On the morning of the 2014 World Cup draw, the English papers all led withone football story: England national team coach Roy Hodgson roaring his confidence in the team and declaring: "Go and put a tenner on us to win the World Cup!"
A few hours later, when Group D came out with Uruguay, Italy and Costa Rica, Hodgson's words looked somewhat foolish. Some thought that, given the FA's crackdown on players gambling and the four-month ban and £18,000 fine dished out in the summer to Andros Townsend (a player who was instrumental in helping England reach Brazil) for betting on matches in competitions in which he was involved, Hodgson should not have joked about betting at all.
Last month the Daily Telegraph broke the story, which it passed on to the National Crime Agency, that a betting syndicate budgeted £70,000 to spend on players for 'a fix,' £5,000 of which would go on a player to get booked in the first half to show that the fix was on. Last weekend, two days after Hodgson's comment, The Sun on Sunday filmed ex-Portsmouth defender Sam Sodje allegedly claiming he could arrange for League Championship players to get themselves booked in games for cash payments.
On Monday, the National Crime Agency arrested six players, among them two former Premier League players, for rigging incidents in matches for money (whereas match-fixing is affecting the result of games, spot-fixing is about individual incidents, like red or yellow cards). The six have now been released without charge.
The story led the news bulletins for a brief while. On the rolling sports news channels, they discussed it in between advertisements for online betting sites while radio talk shows chatted it over on slots sponsored by betting partners. One of Sky's live Sunday games featured Fulham, shirts sponsored by Marathon Bet, beating Aston Villa, whose shirt sponsor is dafabet, described on its own website as "Asia's No. 1 online betting and gaming site."
Betting, betting, everywhere: So it's no surprise that the gambling industry dwarfs that of the football industry in revenue terms. In The Fix, the seminal 2008 book on match-fixing, author Declan Hill quotes a study by American journal Foreign Policy that estimates the Asian gambling industry at $450 billion per year.
By comparison, Real Madrid's 2012-13 financial results showed the largest revenues for any football club, at €521 million. If the gambling market is a large supermarket, the biggest club in the world is just a kiosk on the corner. Hill, writing on his excellent eponymous blog, has long warned this problem existed in England, even if the assumption was always that this kind of illegality happens in Italy, Germany, Czech Republic, Greece, Romania and Turkey -- but not England.

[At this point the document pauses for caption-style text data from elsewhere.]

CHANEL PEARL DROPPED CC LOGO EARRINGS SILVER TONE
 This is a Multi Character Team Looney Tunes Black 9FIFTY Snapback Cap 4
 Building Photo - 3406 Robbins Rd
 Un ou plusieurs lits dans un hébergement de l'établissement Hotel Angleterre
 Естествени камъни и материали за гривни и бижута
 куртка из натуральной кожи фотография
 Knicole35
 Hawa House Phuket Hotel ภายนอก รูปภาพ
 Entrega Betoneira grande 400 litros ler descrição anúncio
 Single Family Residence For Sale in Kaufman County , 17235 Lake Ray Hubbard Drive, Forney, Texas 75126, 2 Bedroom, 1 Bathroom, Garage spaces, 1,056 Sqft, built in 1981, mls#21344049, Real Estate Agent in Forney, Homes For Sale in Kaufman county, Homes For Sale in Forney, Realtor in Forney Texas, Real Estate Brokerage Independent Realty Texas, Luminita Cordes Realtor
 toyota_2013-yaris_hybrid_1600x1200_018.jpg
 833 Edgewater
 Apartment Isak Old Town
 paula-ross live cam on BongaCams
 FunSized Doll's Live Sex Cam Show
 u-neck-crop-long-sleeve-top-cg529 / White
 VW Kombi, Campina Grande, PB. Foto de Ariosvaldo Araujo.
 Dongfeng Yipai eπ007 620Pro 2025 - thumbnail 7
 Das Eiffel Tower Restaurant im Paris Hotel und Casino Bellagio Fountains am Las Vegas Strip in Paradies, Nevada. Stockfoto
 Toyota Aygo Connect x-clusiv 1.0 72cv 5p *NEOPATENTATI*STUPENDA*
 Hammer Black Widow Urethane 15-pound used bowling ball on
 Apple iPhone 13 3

The same may now be true of those denying its existence in English football's crown jewel, the Premier League. Hill also charts the familiar stages to these stories: Denial, more scandals, loss of the sport's credibility and then resignation to the fact it happens.
The Fix has been translated into 20 languages and will be the subject of a Ridley Scott-directed TV series. Hill says that as long as gambling is a problem in football, so fixing will be too. But he has also come up with a plan to rid British football of the problem, and fast. It includes setting up a 90-day amnesty for all fixers, during which time they turn themselves in or face a lifetime ban from the game; that they can keep their money and that of those they turn in (if greed has attracted them to this in the first place, this might just work).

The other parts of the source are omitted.